Insomma un Beppe G dei tempi d’oro, quello che fa sognare parlando di un mondo diverso, dove le regole della convivenza “borghese” vengono scardinate in nome di istanze più moderne ed eque. Però anche un Grillo che mai nomina il Movimento, esattamente come ha fatto nel video diffuso in settimana che ha gettato lo scompiglio tra le file pentastellate in Parlamento.

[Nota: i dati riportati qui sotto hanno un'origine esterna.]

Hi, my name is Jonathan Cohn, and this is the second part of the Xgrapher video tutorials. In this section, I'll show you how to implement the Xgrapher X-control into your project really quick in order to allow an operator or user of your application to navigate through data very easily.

Prosegue Matteo Salvini sul palco a piazza del Popolo a Roma, dove però le drammatiche notizie che vengono dalle Marche rendono l’atmosfera meno allegra ed impongono al ministro dell’Interno di abbandonare i toni troppo battaglieri o trionfali. Comunque Salvini sembra il gatto che gioca con il topo. Fa sfoggio di “mitezza” e pazienza, dice che non metterà in crisi il governo, evita accuratamente attacchi agli avversari politici e si tiene alla larga da ogni forma di punzecchiatura agli alleati. Al tempo stesso però si rivolge all’Italia che produce, esattamente quella messa nel mirino da Beppe G. Nessuno però si faccia trarre in inganno da questa mitezza. Salvini sa far di conto ed oggi ragiona semplice semplice, forte dei sondaggi che spingono le sue vele a folle velocità.

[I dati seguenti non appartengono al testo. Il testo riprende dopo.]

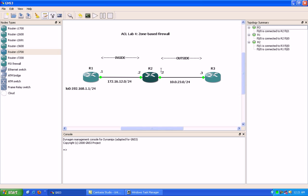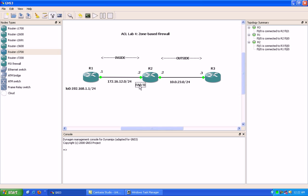Router 2's Fast Ethernet 0/0 is going to Router 1, and Fast Ethernet 0/1 is going to Router 3.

Lui vede benissimo che piega sta prendendo la vita interna al M5S, con Grillo che contesta (senza mai citarli) tutti quelli che seguono la linea “governista” di Di Maio, mentre nei gruppi parlamentari inizia a serpeggiare il malumore, con tanto di primo passaggio di un deputato dalla maggioranza all’opposizione (addirittura con ingresso in Forza Italia). Ma proprio perché vede benissimo tutto questa sa anche che non c’è motivo di calcare la mano, perché tanto i nodi arriveranno al pettine da soli.

Già perché nella Lega sono ormai un po’ tutti convinti del fatto che sarà il Movimento a non reggere a lungo la prova del governo, soprattutto quando in primavera si vedranno i dati economici in ulteriore peggioramento. E quindi vale la pena vestire i panni dei “responsabili”, incoraggiando il dialogo (peraltro già intenso) con tutte le organizzazioni imprenditoriali, che oggi hanno in Salvini l’unico vero interlocutore nel governo.

Ecco, questo è lo stato dell’arte. In mezzo c’è un governo il cui contratto è da riscrivere (come ormai viene dichiarato apertamente), la cui manovra economica si poggia su numeri già superati dalla realtà e la cui composizione non risponde più agli equilibri reali della coalizione. In pochi mesi insomma il M5S è passato da mattatore della scena politica nazionale a zoppicante e riluttante partner di governo del leader leghista con conseguenze che ancora fatichiamo a vedere, ma che certamente consentono di affermare che le cose cambieranno. E persino in fretta.